Lo único seguro es que nada de lo anterior –la simplicidad, la irreverencia, la candidez, la ternura, la superstición, la domesticidad –implica que Emily haya desconocido el amor, la pasión, la angustia, la impotencia, el anhelo o la impaciencia: ahí están, asomando tímidamente por entre sus versos. La poesía era el único lenguaje que conocía, el único medio a través del cual expresar sus sentimientos y descifrarse ante sí misma. Muchos de sus poemas célebres no figuran en sus cartas, y es precisamente en ellos donde advertimos con claridad el fluir de la sangre por sus venas: “Mi río corre hacia ti,/ Mar azul!/ Me acogeras?/ Mi río aguarda respuesta,/ Oh, Mar, muéstrate propicio/ Te alcanzaré arroyo,/ En parajes mostrados./ Oye, Mar, tómame!”” (1860)

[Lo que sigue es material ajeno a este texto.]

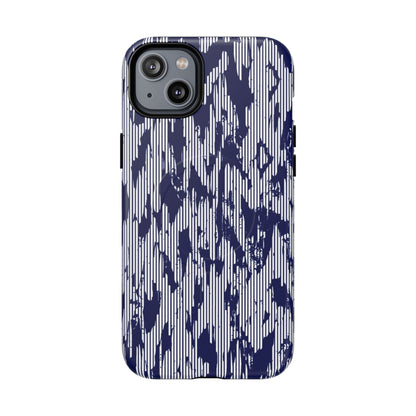 Indigo Weave | MagSafe Tough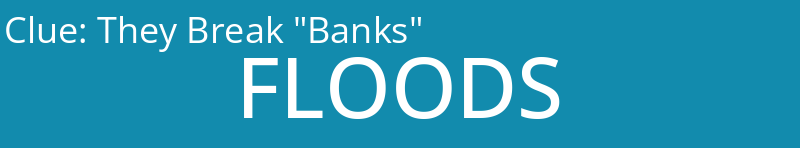 They Break "Banks"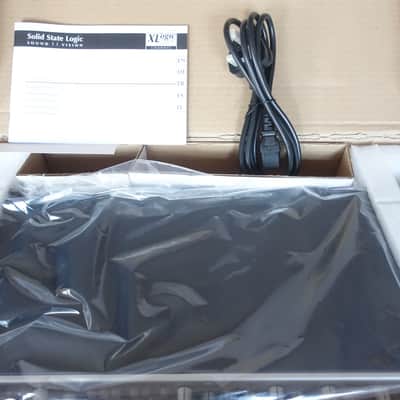 Solid State Logic XLogic Alpha Channel Signal Processor 2007 - Present - Silver image 2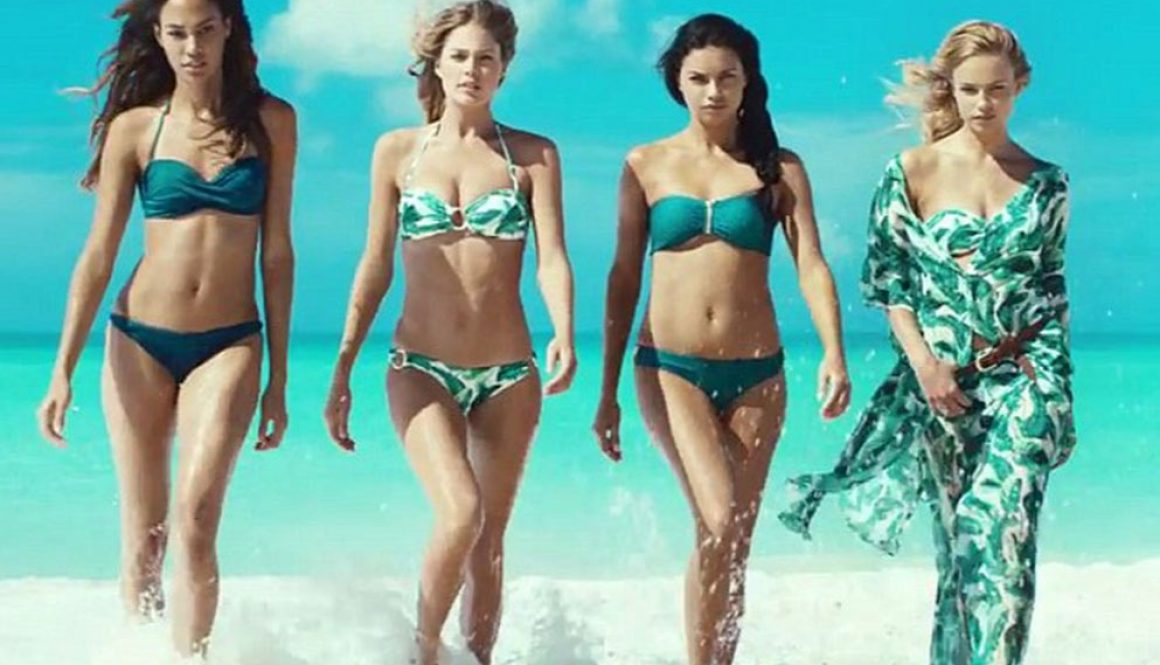 H and M summer collection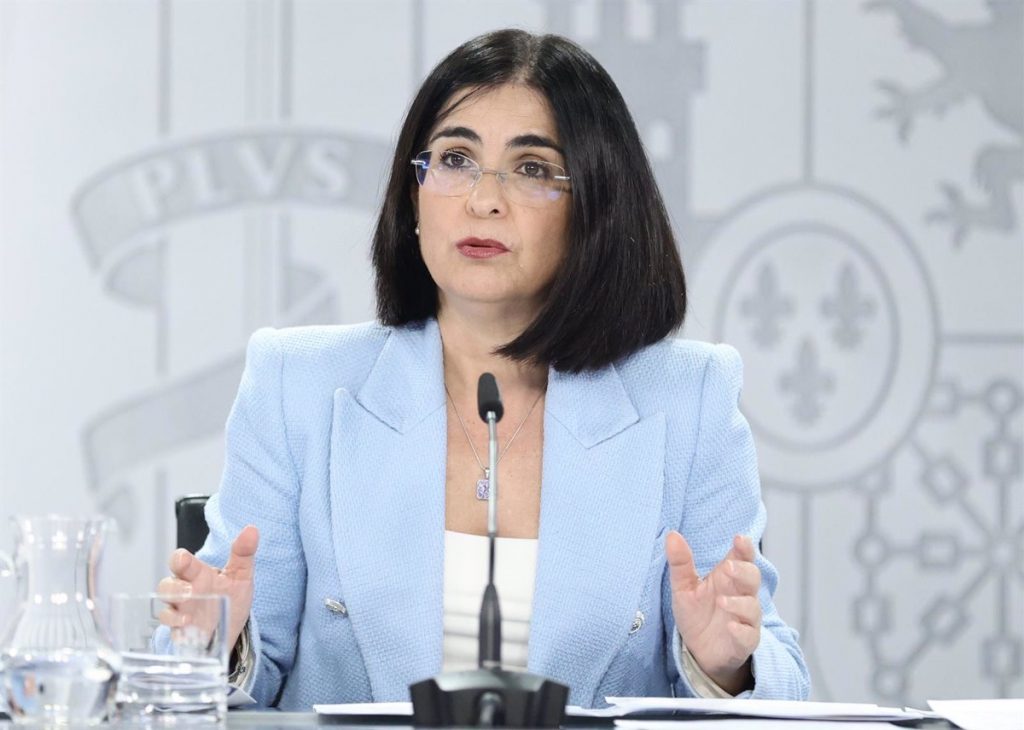 Darias mantiene el 21% de IVA en las mascarillas FFP2 mientras Europa democratiza su precio 1 Moncloa darias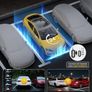 GKU 4K Dash Cam Front and Rear, 5GHz WiFi Dashcam with 64GB SD Card, Dual Car Camera Dash Cam with Parking Monitor, Night Vision, WDR, 170 Wide Angle, G-Sensor, Loop Recording, APP Control, Max 256GB Image 5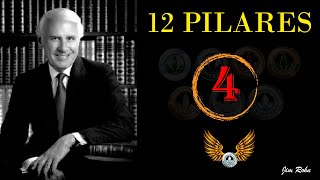 12 Pilares  JIM ROHN  CAP 4 [upl. by Cranston]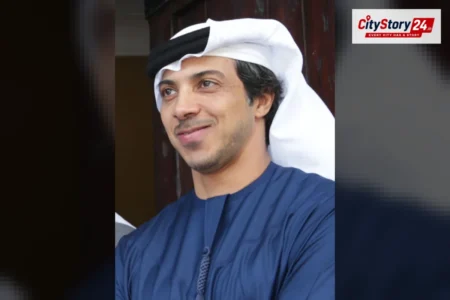 Mansour bin Zayed Al Nahyan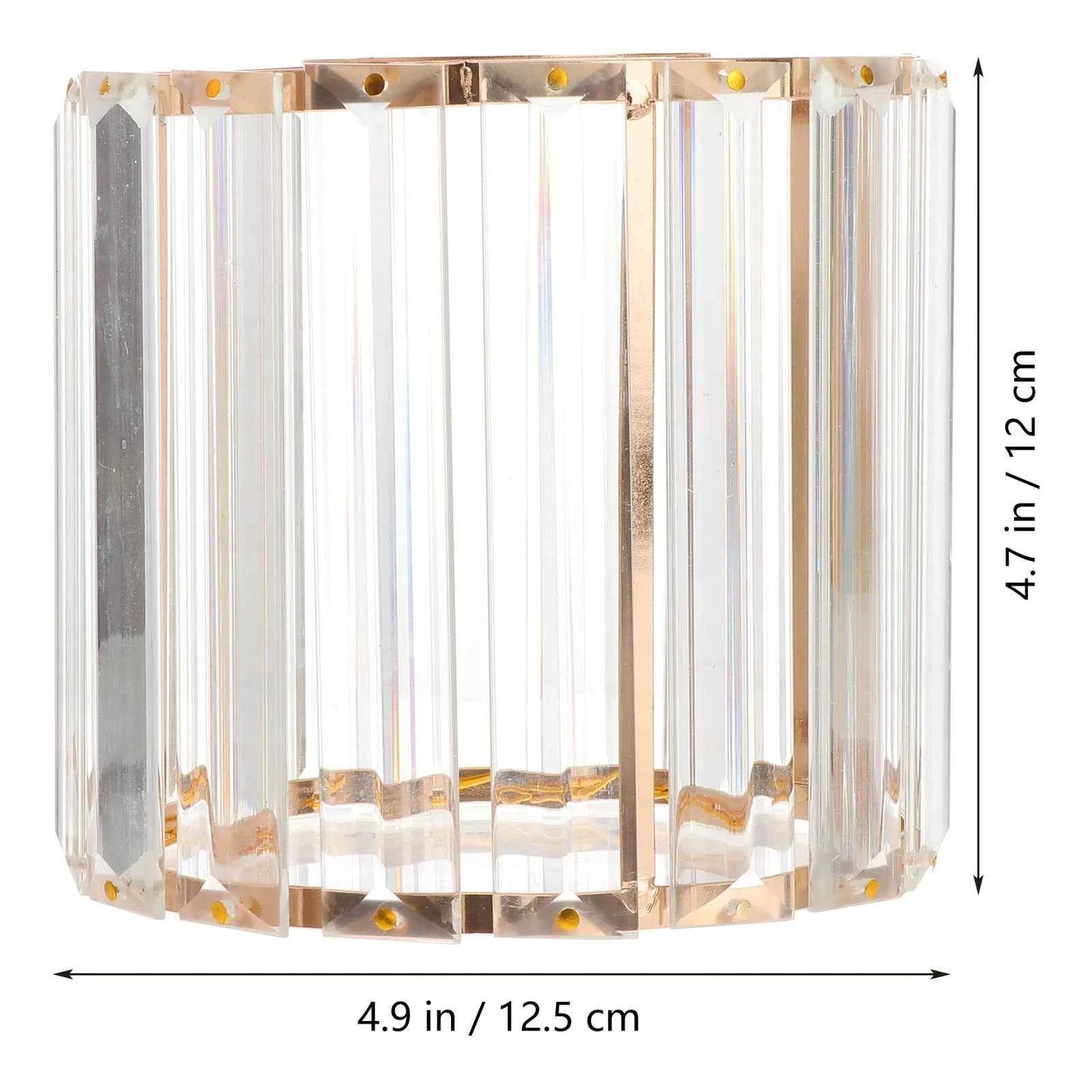 Lamp Shade Floor Lamp Shade Chrome Finish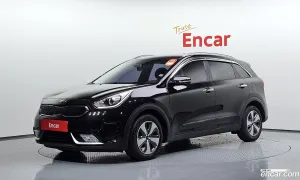 Kia Niro Prestige 2017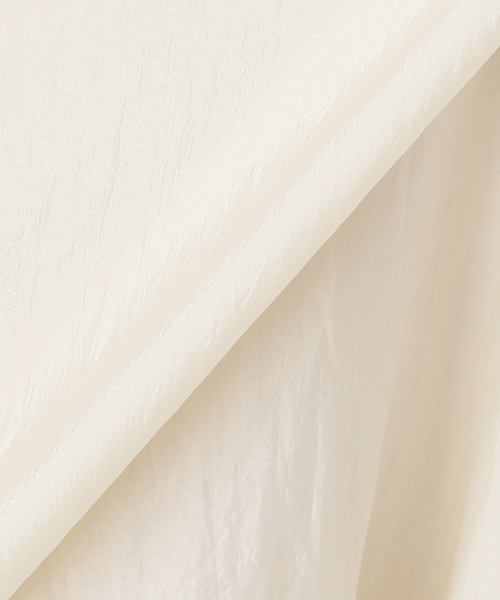 CELERI(セルリ)の「【CELERI/セルリ】 WIDE PANTS(その他パンツ・レディース・ホワイト/ブラック・38/34/36)」の3枚目の写真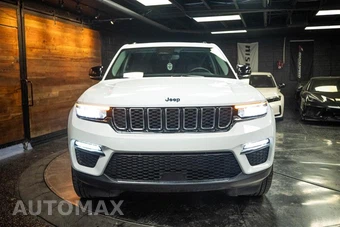 2022 Jeep Grand Cherokee 4xe - miniatura 4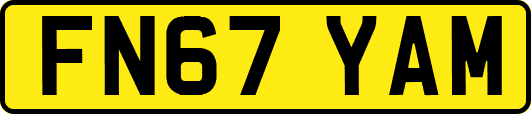 FN67YAM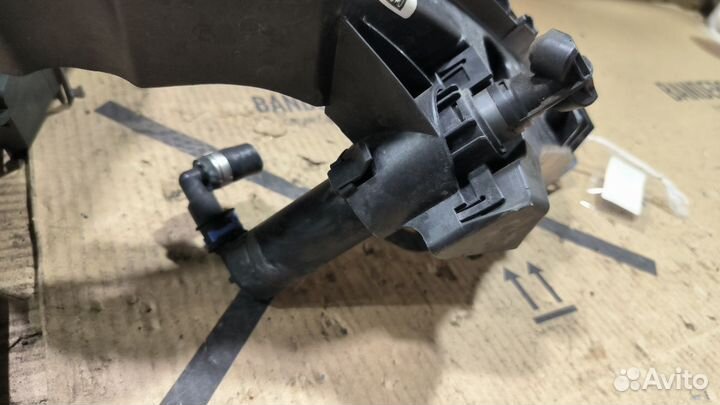 Кронштейн бампера передний Audi A4 8K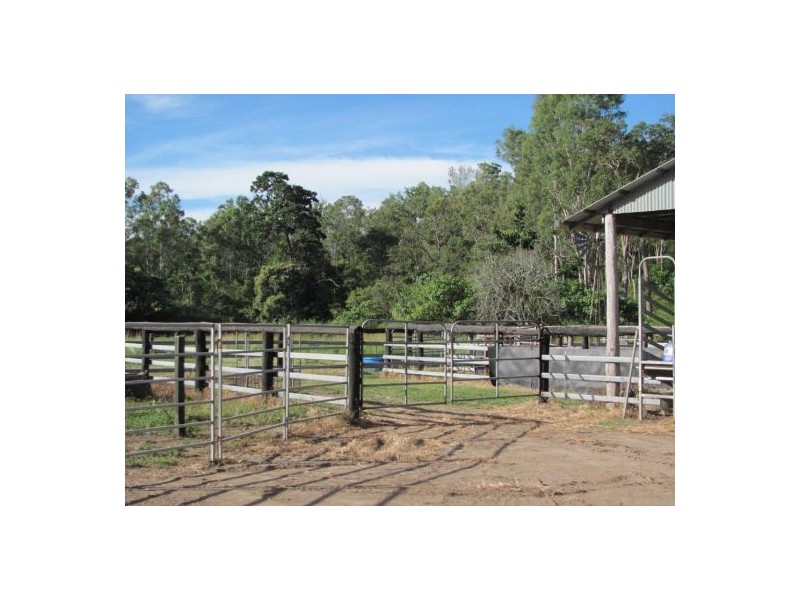 Lot 21 Dunwold-Cattle Creek Road, Gargett QLD 4741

La llamita se extinguió el 15 de mayo de 1886, habiendo publicado solo dos poemas sueltos y sin firmar en el Springfield Republican. Lavinia, su hermana, descubriría los cuarenta volúmenes, encuadernados a mano, que reunían la totalidad de la obra de esta desconcertante poeta que describiría la poesía con la misma aparente simpleza con la que se refería a Dios: “Si tengo la sensación física de que me levantan la tapa de los sesos, sé que eso es poesía.”